# DATASET
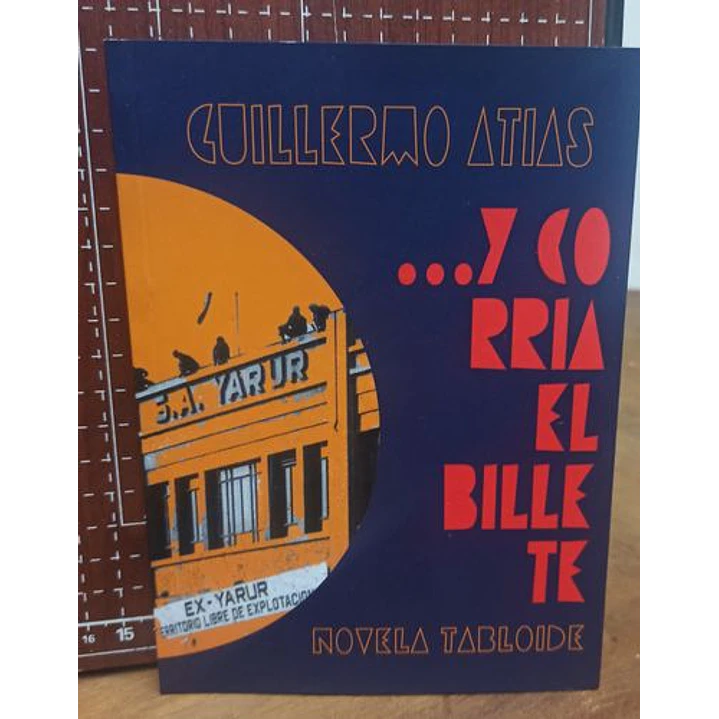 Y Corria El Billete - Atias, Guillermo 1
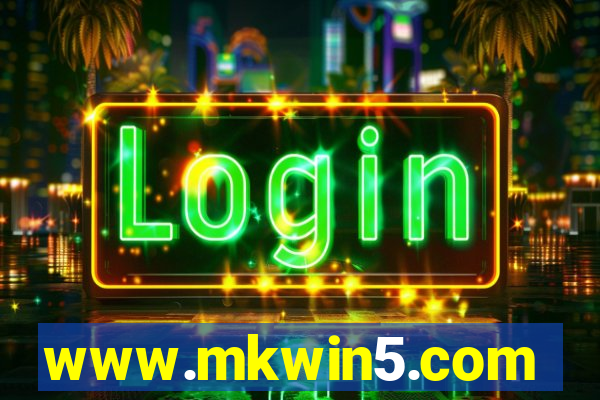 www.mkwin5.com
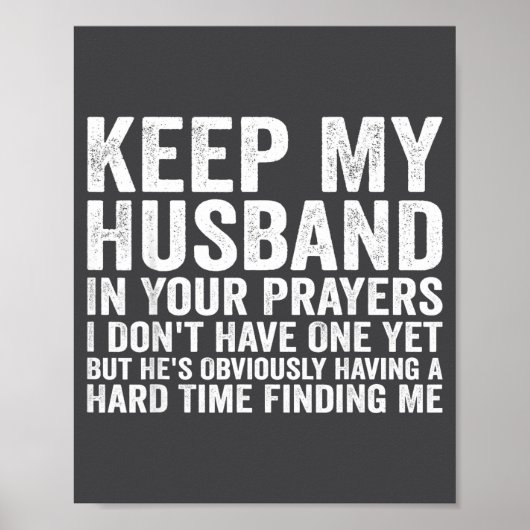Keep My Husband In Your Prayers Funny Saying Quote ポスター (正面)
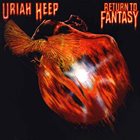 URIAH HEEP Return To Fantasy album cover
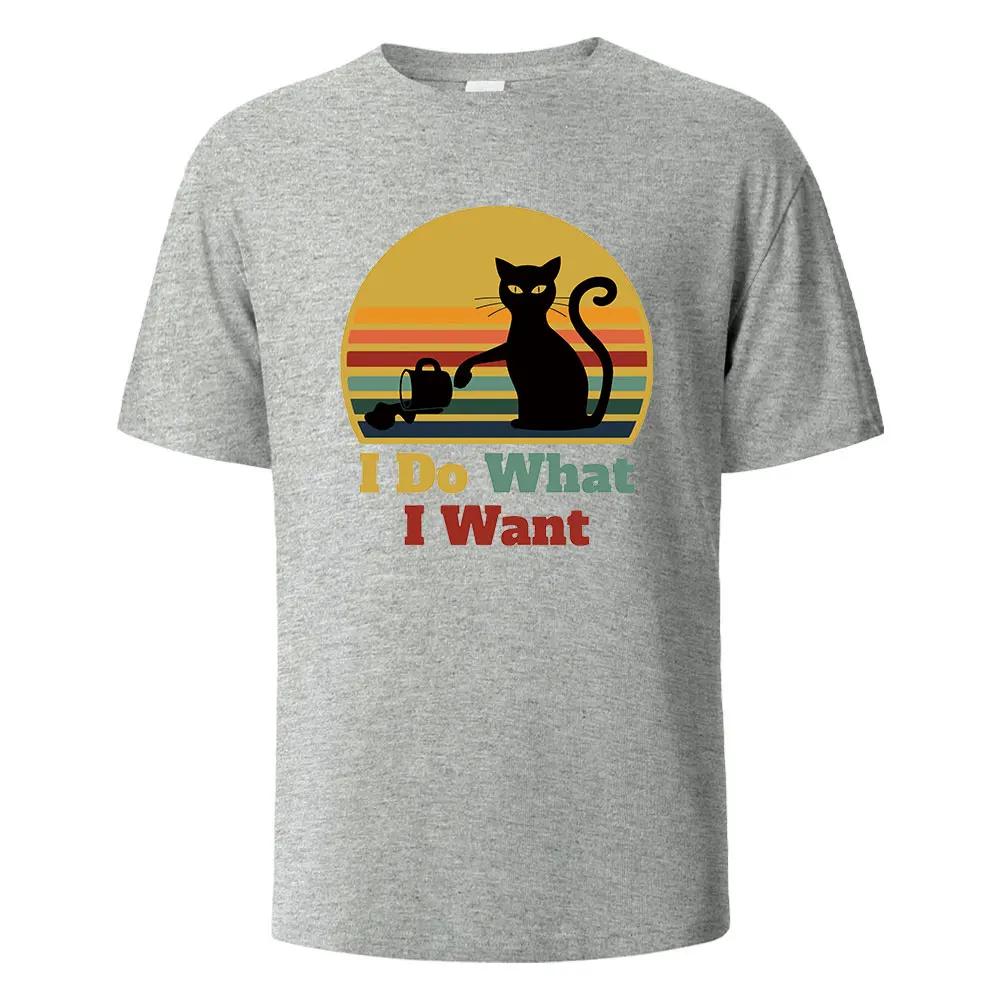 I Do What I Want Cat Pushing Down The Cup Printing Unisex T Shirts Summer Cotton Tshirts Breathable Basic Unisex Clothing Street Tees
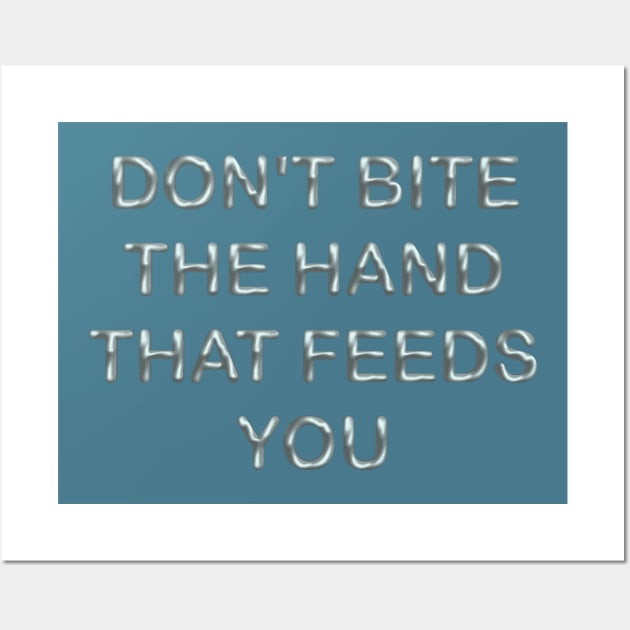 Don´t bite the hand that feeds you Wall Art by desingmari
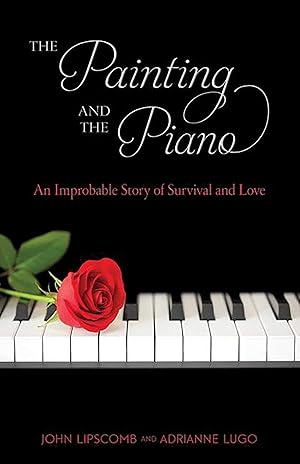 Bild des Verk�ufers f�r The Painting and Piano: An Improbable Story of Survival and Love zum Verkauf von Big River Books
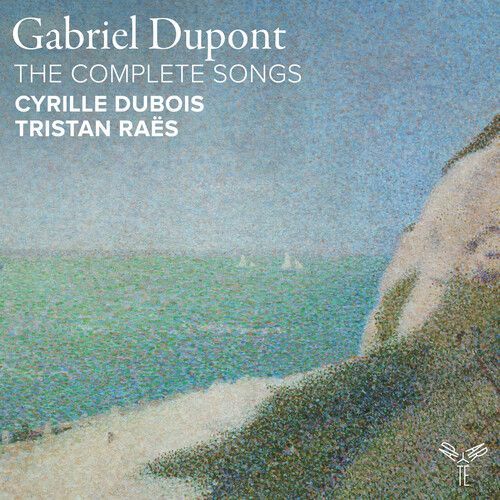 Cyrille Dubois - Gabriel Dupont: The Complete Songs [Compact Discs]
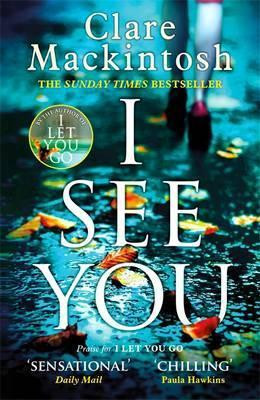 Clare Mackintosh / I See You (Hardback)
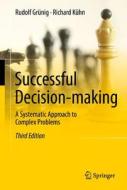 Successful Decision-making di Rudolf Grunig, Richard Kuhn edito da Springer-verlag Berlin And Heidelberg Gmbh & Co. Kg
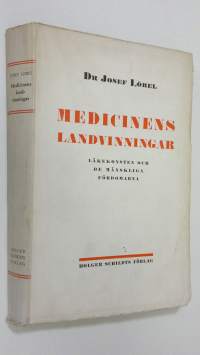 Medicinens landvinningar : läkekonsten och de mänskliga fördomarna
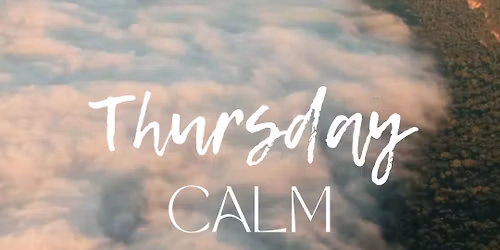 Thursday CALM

# EXERCISE BRIEF
Transcribe all entries above exactly. Drop the pictures.

# EXERCISE ANSWER
 Y Corria El Billete - Atias, Guillermo 1
 www.mkwin5.com
Keep My Husband In Your Prayers Funny Saying Quote ポスター (正面)
 URIAH HEEP Return To Fantasy album cover
 I Do What I Want Cat Pushing Down The Cup Printing Unisex T Shirts Summer Cotton Tshirts Breathable Basic Unisex Clothing Street Tees
 Don´t bite the hand that feeds you Wall Art by desingmari
 Bild des Verk�ufers f�r The Painting and Piano: An Improbable Story of Survival and Love zum Verkauf von Big River Books
 Cyrille Dubois - Gabriel Dupont: The Complete Songs [Compact Discs]
 Clare Mackintosh / I See You (Hardback)
 Successful Decision-making di Rudolf Grunig, Richard Kuhn edito da Springer-verlag Berlin And Heidelberg Gmbh & Co. Kg
 Medicinens landvinningar : läkekonsten och de mänskliga fördomarna
 Thursday CALM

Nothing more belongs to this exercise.